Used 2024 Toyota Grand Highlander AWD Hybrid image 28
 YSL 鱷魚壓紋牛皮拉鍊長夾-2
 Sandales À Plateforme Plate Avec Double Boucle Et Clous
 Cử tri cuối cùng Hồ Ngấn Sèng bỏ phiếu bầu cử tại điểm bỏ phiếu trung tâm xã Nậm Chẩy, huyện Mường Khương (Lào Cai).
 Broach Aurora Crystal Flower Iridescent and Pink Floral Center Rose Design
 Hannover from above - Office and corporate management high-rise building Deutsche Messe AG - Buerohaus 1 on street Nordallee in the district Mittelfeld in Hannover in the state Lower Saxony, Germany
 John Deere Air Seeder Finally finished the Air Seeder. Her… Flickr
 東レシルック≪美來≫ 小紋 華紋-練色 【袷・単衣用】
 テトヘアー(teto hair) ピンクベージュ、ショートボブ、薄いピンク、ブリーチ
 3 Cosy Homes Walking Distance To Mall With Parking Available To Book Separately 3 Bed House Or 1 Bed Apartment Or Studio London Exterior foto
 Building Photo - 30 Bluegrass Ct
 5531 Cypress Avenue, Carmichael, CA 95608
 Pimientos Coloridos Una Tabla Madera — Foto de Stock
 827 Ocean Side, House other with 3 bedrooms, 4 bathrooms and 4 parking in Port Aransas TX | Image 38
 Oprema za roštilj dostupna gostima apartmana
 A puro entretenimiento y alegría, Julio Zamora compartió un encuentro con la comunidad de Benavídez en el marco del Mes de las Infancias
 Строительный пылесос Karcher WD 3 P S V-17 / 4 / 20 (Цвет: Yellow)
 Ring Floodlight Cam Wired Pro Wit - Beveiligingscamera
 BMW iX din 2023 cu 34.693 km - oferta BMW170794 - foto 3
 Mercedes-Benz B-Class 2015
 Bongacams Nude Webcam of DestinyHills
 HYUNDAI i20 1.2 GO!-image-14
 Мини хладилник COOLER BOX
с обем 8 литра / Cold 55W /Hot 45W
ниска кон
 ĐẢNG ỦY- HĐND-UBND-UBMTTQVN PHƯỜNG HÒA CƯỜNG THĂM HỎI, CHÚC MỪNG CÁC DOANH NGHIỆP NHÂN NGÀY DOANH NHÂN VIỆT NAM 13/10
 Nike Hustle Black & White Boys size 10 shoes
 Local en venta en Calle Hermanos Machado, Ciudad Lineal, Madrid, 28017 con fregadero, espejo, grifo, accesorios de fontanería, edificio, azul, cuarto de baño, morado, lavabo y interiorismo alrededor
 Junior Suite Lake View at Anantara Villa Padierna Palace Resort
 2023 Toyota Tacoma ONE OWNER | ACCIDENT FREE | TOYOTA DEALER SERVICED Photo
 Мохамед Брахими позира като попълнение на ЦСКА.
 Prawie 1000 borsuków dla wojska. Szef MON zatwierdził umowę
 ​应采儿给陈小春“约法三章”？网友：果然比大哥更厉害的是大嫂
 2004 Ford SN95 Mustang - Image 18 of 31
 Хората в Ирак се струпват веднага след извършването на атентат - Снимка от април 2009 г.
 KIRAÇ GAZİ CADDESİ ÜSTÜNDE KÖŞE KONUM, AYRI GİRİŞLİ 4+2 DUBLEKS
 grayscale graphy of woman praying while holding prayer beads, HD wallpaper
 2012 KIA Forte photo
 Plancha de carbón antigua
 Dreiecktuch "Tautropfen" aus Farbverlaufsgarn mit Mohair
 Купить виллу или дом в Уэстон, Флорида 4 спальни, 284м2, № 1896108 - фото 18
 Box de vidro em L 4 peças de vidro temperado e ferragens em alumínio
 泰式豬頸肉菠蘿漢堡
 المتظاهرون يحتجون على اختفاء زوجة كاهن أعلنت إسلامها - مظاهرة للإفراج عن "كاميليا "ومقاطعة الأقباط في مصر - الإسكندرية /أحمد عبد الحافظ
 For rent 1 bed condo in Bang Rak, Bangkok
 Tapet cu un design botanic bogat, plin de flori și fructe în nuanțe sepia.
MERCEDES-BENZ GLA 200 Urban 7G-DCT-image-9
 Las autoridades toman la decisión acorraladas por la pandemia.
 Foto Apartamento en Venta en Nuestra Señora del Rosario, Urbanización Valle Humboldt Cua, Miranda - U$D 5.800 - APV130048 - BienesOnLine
□ □ □ □ □
### Work item
In the listing above, find the line with "Broach Aurora Crystal" and the line with "Pimientos Coloridos Una". Output those two lines and every line between them, exactly as written.

### Task output
 Broach Aurora Crystal Flower Iridescent and Pink Floral Center Rose Design
 Hannover from above - Office and corporate management high-rise building Deutsche Messe AG - Buerohaus 1 on street Nordallee in the district Mittelfeld in Hannover in the state Lower Saxony, Germany
 John Deere Air Seeder Finally finished the Air Seeder. Her… Flickr
 東レシルック≪美來≫ 小紋 華紋-練色 【袷・単衣用】
 テトヘアー(teto hair) ピンクベージュ、ショートボブ、薄いピンク、ブリーチ
 3 Cosy Homes Walking Distance To Mall With Parking Available To Book Separately 3 Bed House Or 1 Bed Apartment Or Studio London Exterior foto
 Building Photo - 30 Bluegrass Ct
 5531 Cypress Avenue, Carmichael, CA 95608
 Pimientos Coloridos Una Tabla Madera — Foto de Stock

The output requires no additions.